With traditional username / password authentication, good security practices require you don't just have a big database on the back end with a list of unencrypted passwords. Instead, a hash of the password is stored, preferably using a salt. So someone who can read the password file can verify they have the right password, but cannot see the actual password.
It is still critical to protect access to these encrypted passwords. Otherwise, an attacker can mount a dictionary attack to try and crack them. However, even if someone gains access to your entire database of encrypted passwords, they can still only easily gain access to lousy passwords. At least users who choose secure passwords are relatively safe. (It is also critical to protect access to the cleartext password, but at least this mechanism doesn’t require that it be stored in a database for all to see.)
As networking and middleware people, we spend a lot of time thinking about the security of our network protocols, and especially ensuring that someone eavesdropping on a network cannot grab our passwords and other sensitive data as they fly by. But how many times have we heard of a security breach caused by a stolen laptop? I would argue that protecting so-called “data at rest” is just as important, or maybe even more important, as protecting the data flying around your laptop.
Now, back to OAuth. Each “user” in OAuth holds something called an “access token,” which is like a username, and a “token secret,” which is like a password. When a request is sent over the network containing an OAuth authentication token, a bunch of data in the token is encrypted using the token secret, but the secret itself is never sent over the network. That way, regardless of whether SSL is in use, there is no way to gain access to the token secret by sniffing the network.
However, on the server side, in order to validate the OAuth token, the server must make the same calculation that the client made when it encrypted the data to put in the token. That means that both the client side and the server side in OAuth must be able to read the unencrypted token secret from some sort of database. Without it, OAuth doesn’t work. There’s no set of standard ways for storing those keys like there are for passwords, so presumably different implementations are storing them in different ways.
As a result, any client and any server that uses OAuth has to take extra-special care with all those token secrets. Otherwise, anyone who gets access to the database of tokens and secrets used by the back end servers immediately has access to all the OAuth-enabled accounts.
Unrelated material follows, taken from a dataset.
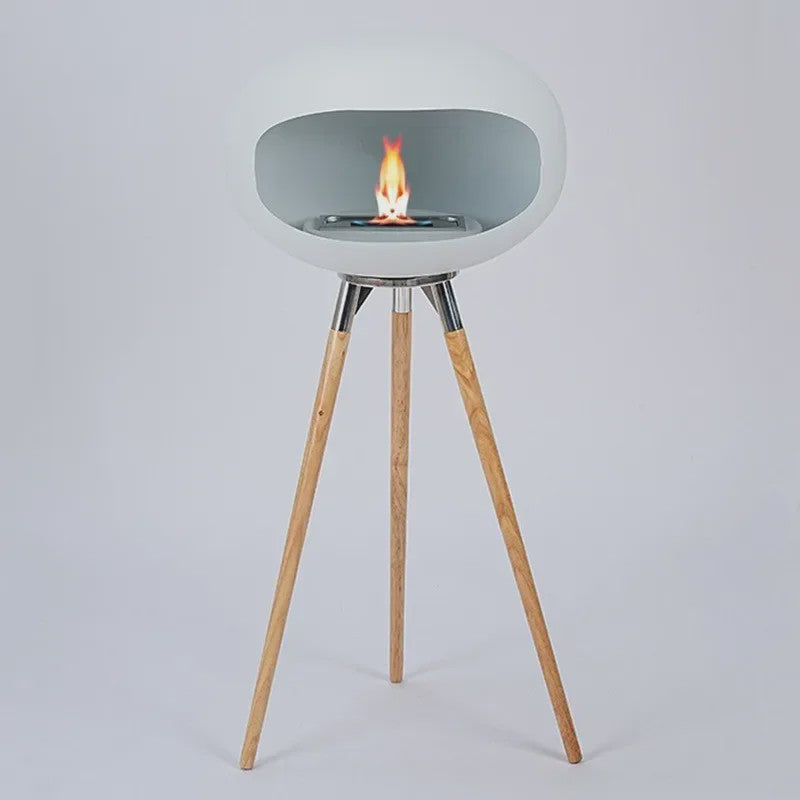 Moderne Design Bio-ethanol Haard op Houten Poten - Stijlvolle Sfeerhaard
I am not suggesting a change to the OAuth protocol here — it solves an important problem. However, I am suggesting that anyone who implements either the “service provider” or “consumer” side of OAuth take very special care of those tokens!
For instance:
If they’re on a regular disk file, protect them using filesystem permissions, make sure that they’re encrypted, and hide the password well.
If they’re in a database, encrypt the fields, store the key well, and protect access to the database itself carefully.
If they’re in LDAP, do the same.
Come to think of it, perhaps the world needs a standard LDAP schema for storing OAuth secrets in a secure way. Anyone care to make a proposal?